Goal of the exercise
Take the line containing "Cielo stellato in pozzanghera Cielo" and every line below it through the end of the entries, and output them verbatim, pictures excluded.

Data in this exercise
- Opening Delimiter -

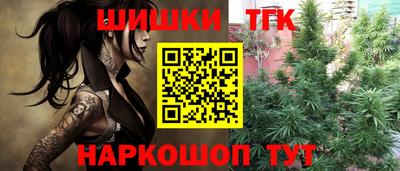 индика Нарткала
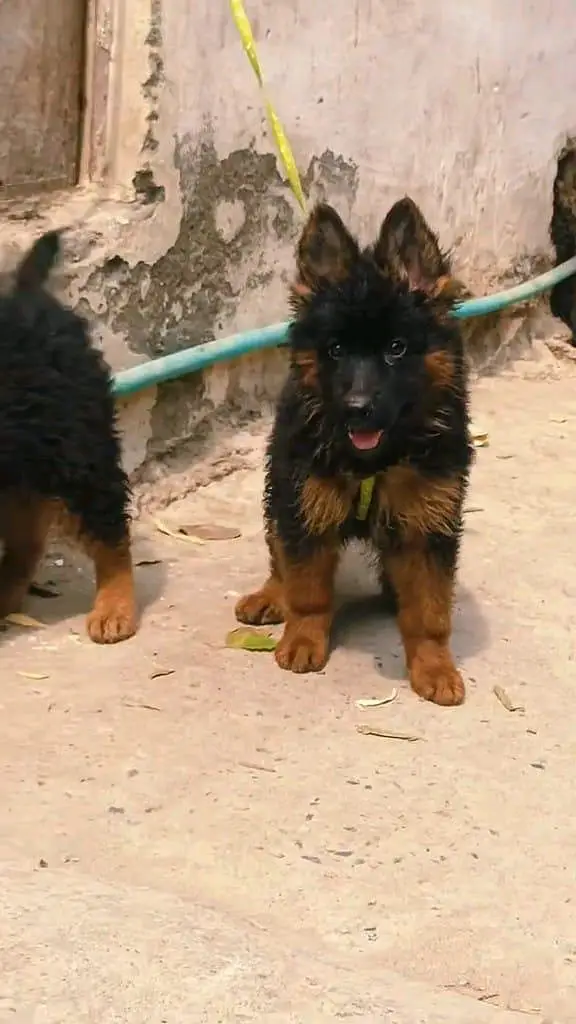 German shepherd puppies contact WhatsApmy WhatsAp 03437993715 — photo 2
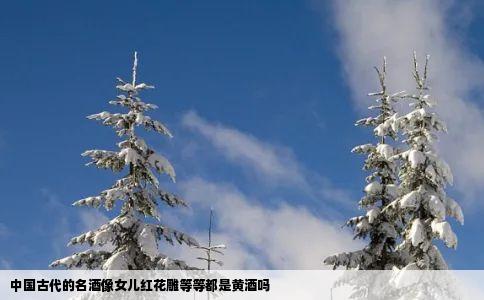 中国古代的名酒像女儿红花雕等等都是黄酒吗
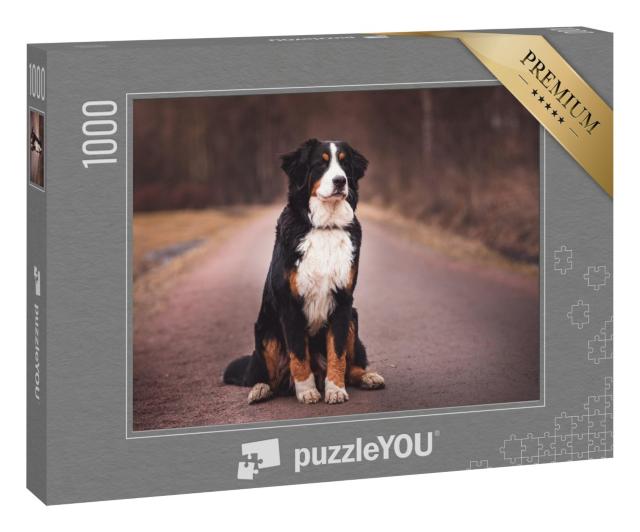 Puzzle 1000 Teile „Berner Sennenhund auf der Straße“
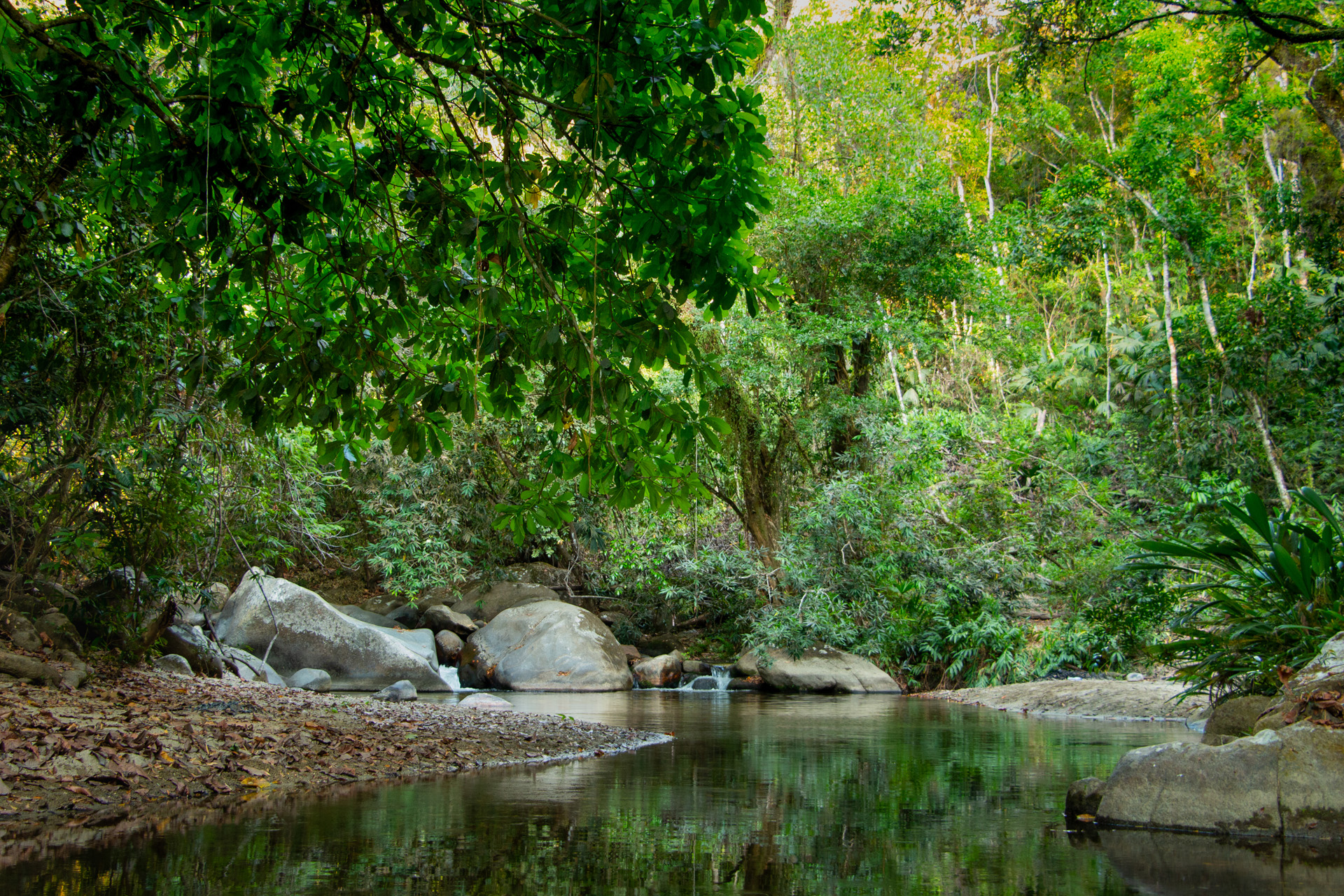 River in Jungle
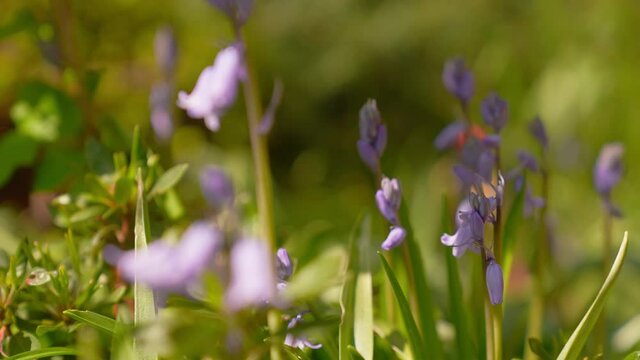 Nice bluebell flowers in a garden in spring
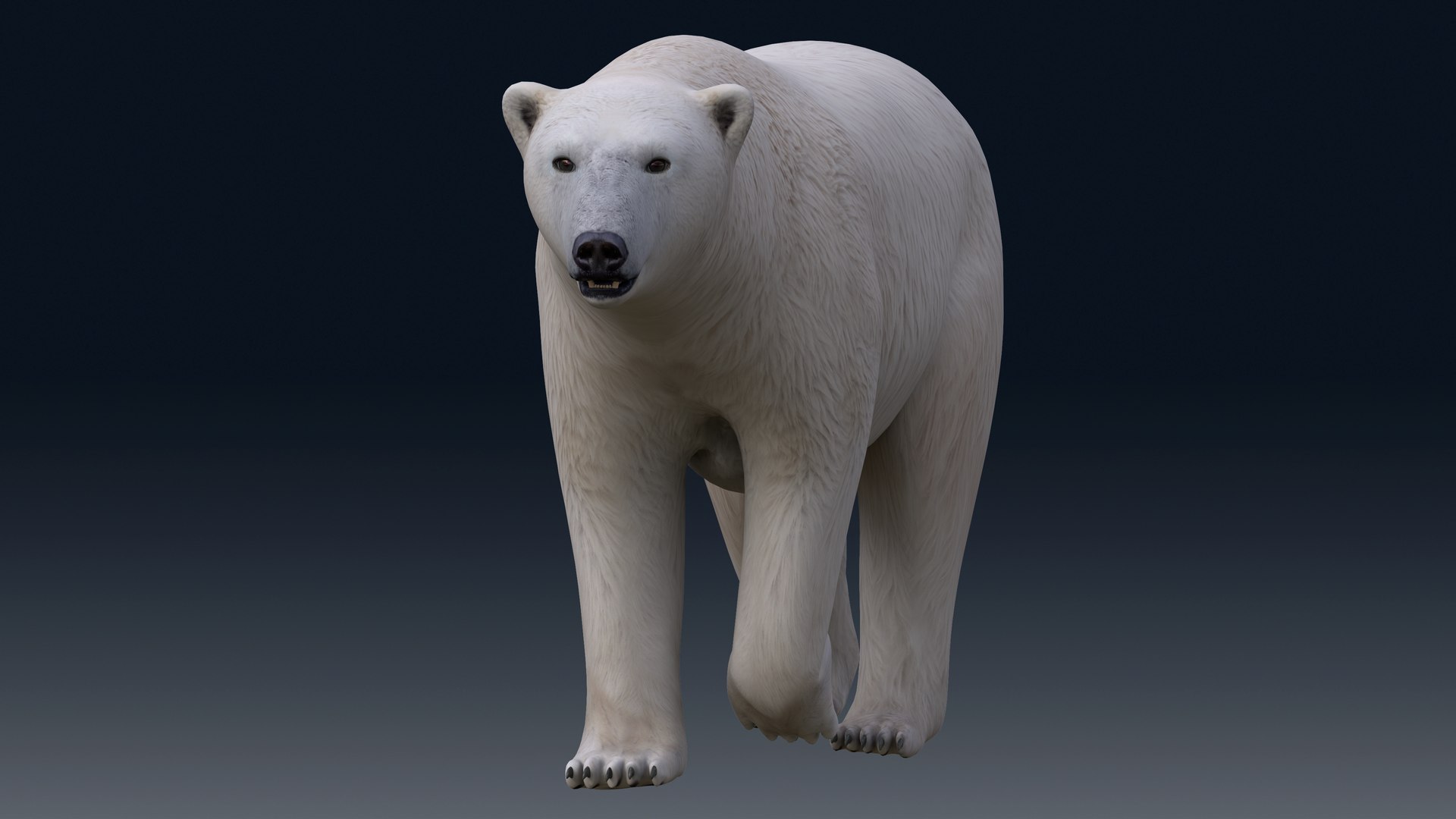 3D Polar Bear NO FUR model https://p.turbosquid.com/ts-thumb/dF/DlsOWv/MC/m03/png/1654843340/1920x1080/fit_q87/2fdfb2f34a87a0596c4e28e8d03519edeb416b1b/m03.jpg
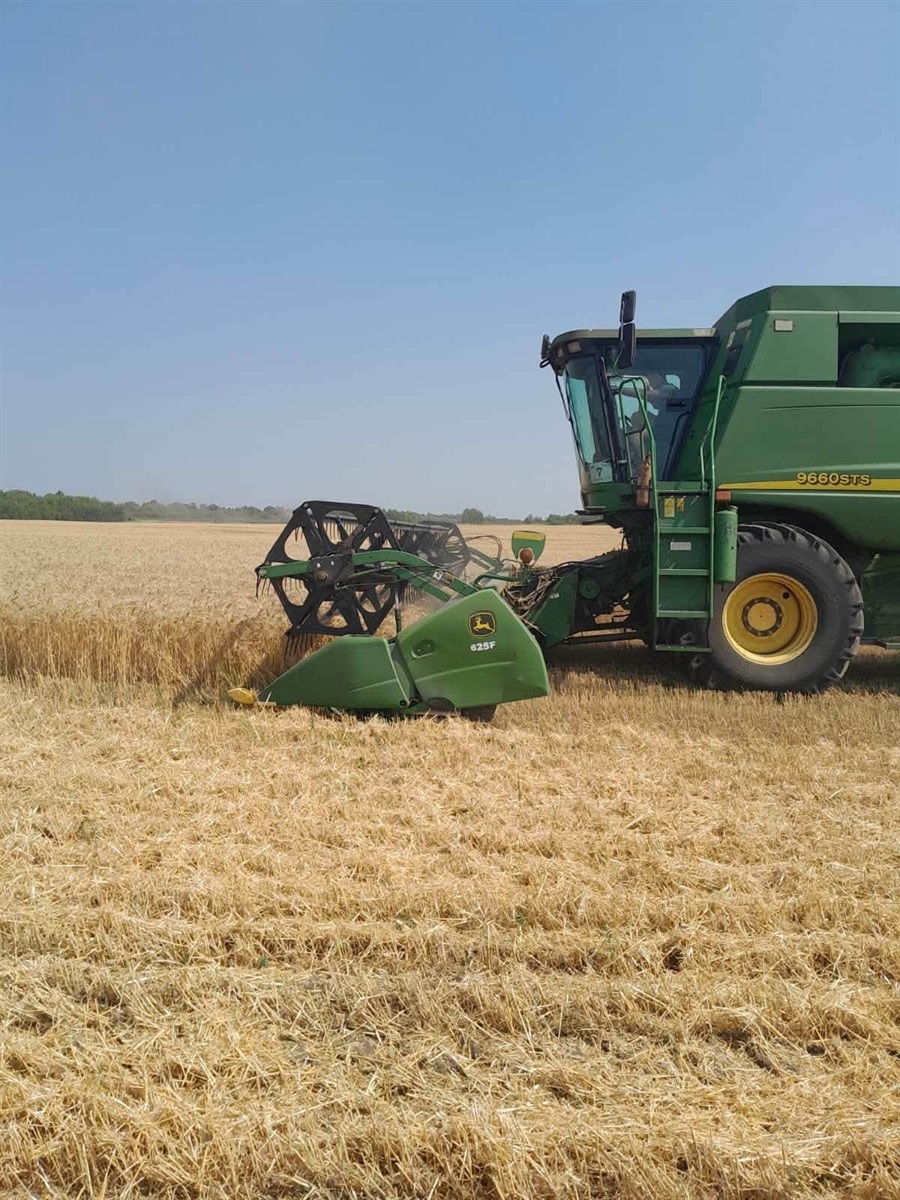 Жнива під загрозою: хліб Білопільщини збирають попри війну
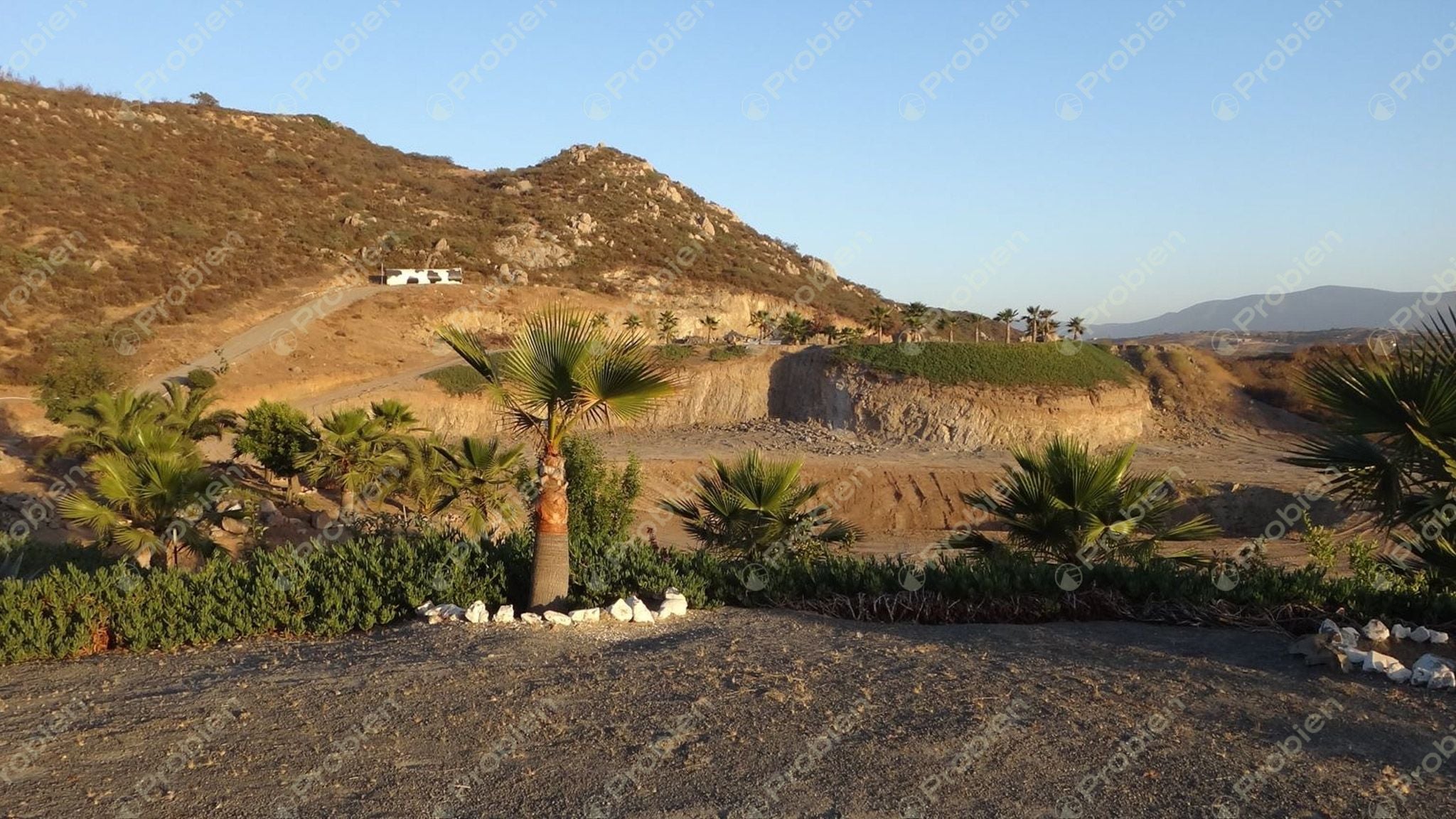 Rancho El Ronco en Venta – 3 Hectáreas a 30 Min de Ensenada, Ideal para Viñedo - Foto 14 de 16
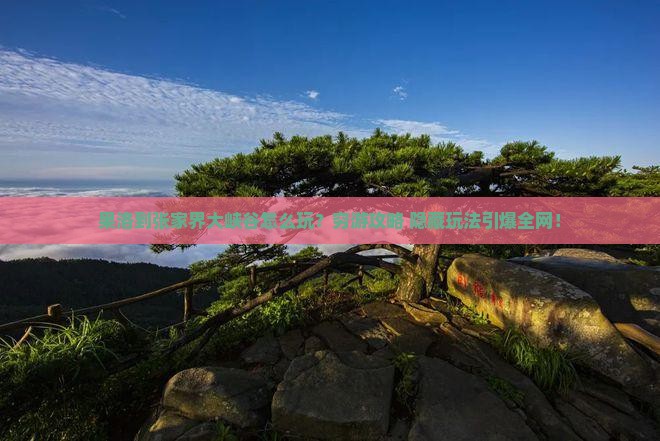 果洛到张家界大峡谷哪里玩
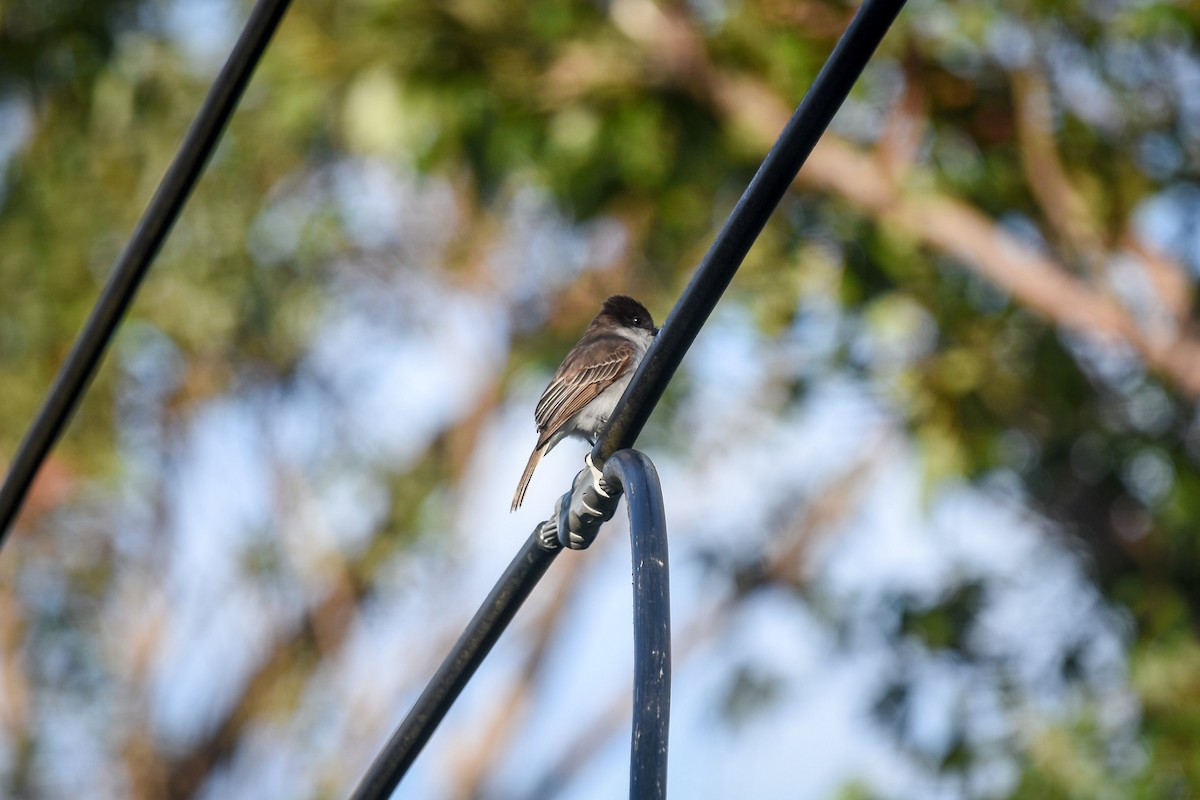 Loggerhead Kingbird - ML323029691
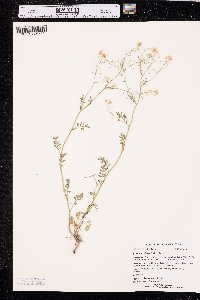 Rorippa sylvestris image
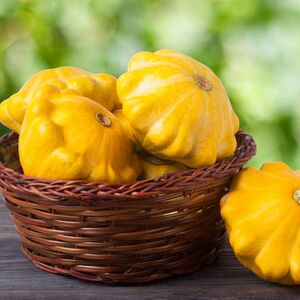 Sarı istiridye kabak tohumu Atalık yaz kabağı golden marbre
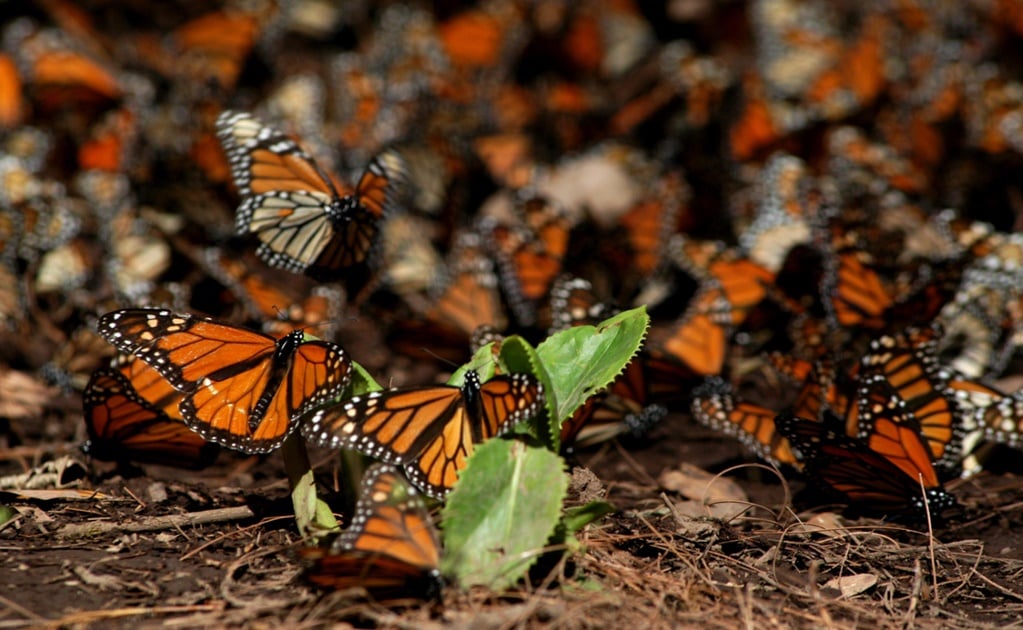 Monarch butterfly swarms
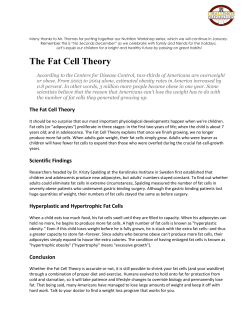 The Fat Cell Theory - Challenge Preparatory Charter School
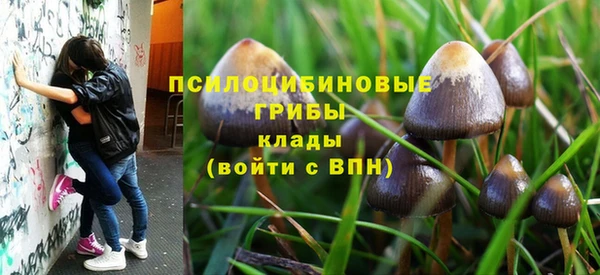 прущая мука Новозыбков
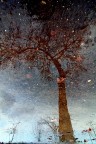 Cielo stellato in pozzanghera Cielo stellato in pozzanghera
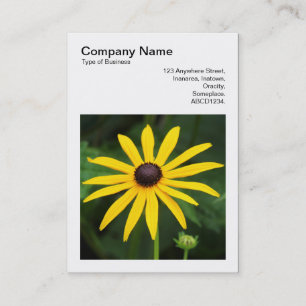 Square Foto (v3) - Rudbeckia hirta Visitenkarte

- Closing Delimiter -

Exercise output
 Cielo stellato in pozzanghera Cielo stellato in pozzanghera
 Square Foto (v3) - Rudbeckia hirta Visitenkarte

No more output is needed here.